Lizenzprobleme hin oder her - kein deutscher Veranstalter und auch nur wenige Aussteller werden sich zurückziehen, dafür ist der Markt viel zu reizvoll, die Chancen durch das asiatische Wachstum überwiegen. Denn wo Wachstum ist, kommt die Rendite fast von alleine. Und die Messeveranstalter wissen genau, dass ohne die chinesische Unterstützung nichts geht: Sie bleiben auf Kooperationen angewiesen. Inwieweit sich dabei die Gewichte verschieben, ist eine andere Sache. Die deutschen Veranstalter trifft es ganz anders als die Aussteller.

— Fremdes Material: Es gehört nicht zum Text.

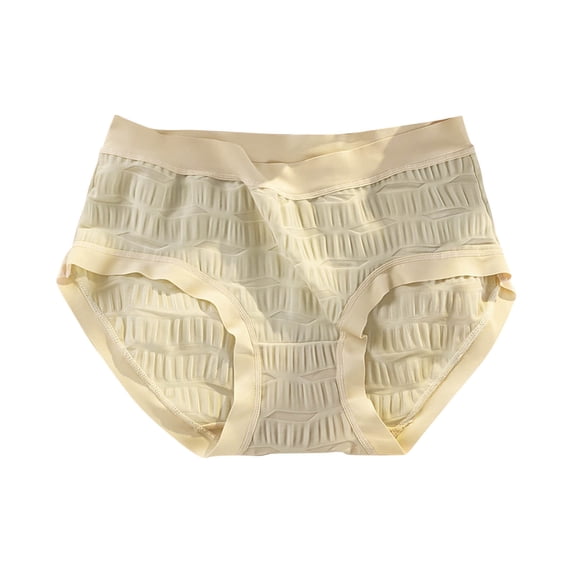 GigrtiJin Mid Rise Underwear for Women Seamless Wide Rimmed Briefs Panties Breathable Comfy Underpants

Nils Passoter geht jedenfalls davon aus, dass es spannend bleibt: "Die Entwicklung der asiatischen Märkte speziell in China schreitet dynamisch voran. Damit intensiviert sich natürlich auch das Messegeschäft und der Wettbewerb wird hier dementspechend zunehmen." Für ihn ist es daher "durchaus wahrscheinlich, dass noch weitere Kooperationsmodelle folgen werden. Wir hoffen sehr, dass dabei Qualität und Effizienz im Vordergrund stehen." Passoter: "Letztlich entscheiden die Kunden, welche Veranstaltungen erfolgreich ihren Platz finden."